# Wish me luck



## Eccles (Dec 27, 2001)

My refurb TiVo HD (652) started displaying some odd behavior a few weeks ago, and this week it started failing to connect with an Error S03. Foolishly I fired off a Kickstart 57, and now I'm stuck in a reboot loop. 

So I just got back from Fry's with a shiny new 1TB drive, and this afternoon's project is to see how much I can salvage from the OEM internal A drive and the My DVR Expander B drive. I'm _hoping_ that I'll be able to retain my SP's and programs, though I do realize that may be wishful thinking. I have a fresh 652 software image in case I need it, too.

So here goes... If you hear a scream, it's probably me!


----------



## Eccles (Dec 27, 2001)

Well that didn't go well. Although the partition structure on both drives appears intact, it seems that something is corrupted in the TiVo software partition on the A drive - all the available tools failed to let me copy anything, giving me some error about bad header information.

I obtained a software image, blew it to my new 1TB drive, and after a Clear and Delete All reset my THD is back up and running with 142 HD hours but no programs, SP's, or WL's.

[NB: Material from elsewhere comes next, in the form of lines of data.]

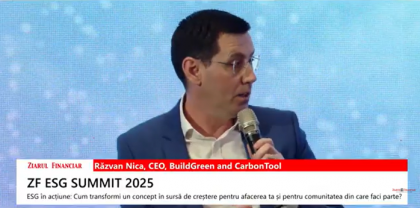 Răzvan Nica, CEO BuildGreen and CarbonTool: Sunt clădiri în Bucureşti aflate pe primele 2-3 locuri la nivel mondial ca nivel de sustenabilitate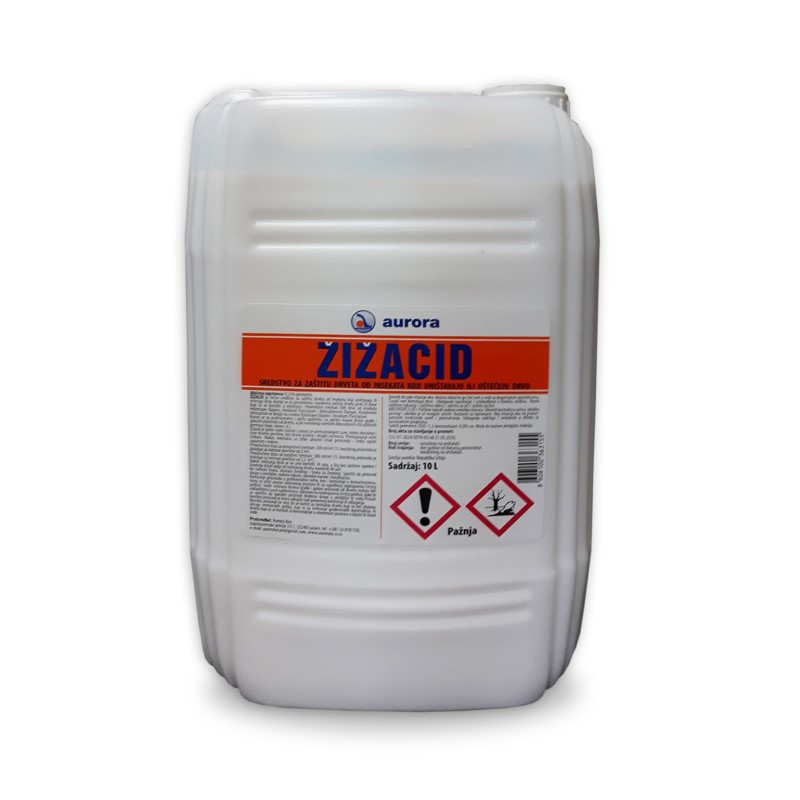 ŽIŽACID Sredstvo za za&scaron;titu drveta od organizama koji uni&scaron;tavaju ili o&scaron;tećuju drvo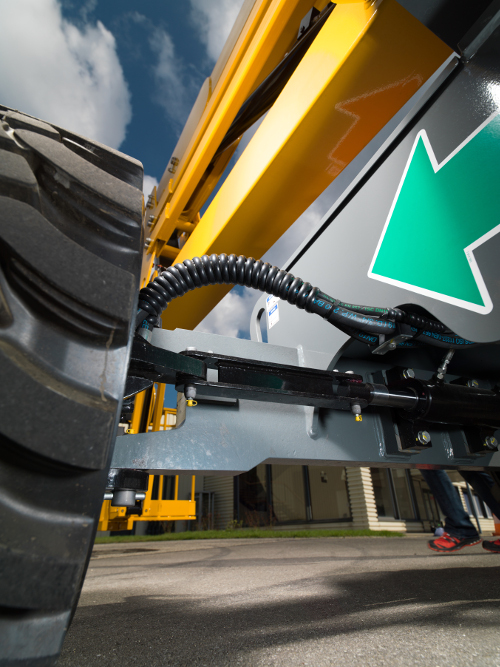 Дизельный коленчатый подъемник Haulotte HA 16 RTJ O, р/в 16000 мм, г/п 230кг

But before it starts to fill up, I thought I'd throw out one last cry for help and see if there's any way to recover the recorded content from my old A and B drives, perhaps combining them with the software image I downloaded. I'm guessing the answer is going to be "no" because it's going to insist on a Clear and Delete reset due to the TSN mismatch between my motherboard and the downloaded image, but hey, it doesn't hurt to ask!


----------



## ciper (Nov 4, 2004)

Eccles said:


> But before it starts to fill up, I thought I'd throw out one last cry for help and see if there's any way to recover the recorded content from my old A and B drives, perhaps combining them with the software image I downloaded. I'm guessing the answer is going to be "no" because it's going to insist on a Clear and Delete reset due to the TSN mismatch between my motherboard and the downloaded image, but hey, it doesn't hurt to ask!


You could possibly -
Use MFSLive 1.4 which includes dd_rhelp to recover the drive
Extract the shows from the TiVo
Put the new image back on the drive
Insert the extracted shows using PyTiVo.

http://vaab.free.fr/utilities/dd_rhelp/index.en.html


----------



## Eccles (Dec 27, 2001)

Thanks for the suggestion - I'll see what I can manage this weekend.


----------



## mr.unnatural (Feb 2, 2006)

If you can locate a copy of SpinRite you may be able to repair any surface defects that could be causing the corruption. I've had luck recovering data from Tivo drives using it in the past. Know that it can take a very long time to repair a single drive (as much as 50 hours for a 250GB drive) so it's best if you have an extra PC that you won't need to use for a couple of days.


----------



## Eccles (Dec 27, 2001)

mr.unnatural said:


> If you can locate a copy of SpinRite you may be able to repair any surface defects that could be causing the corruption.


Thanks for the suggestion. I'll look into it.


----------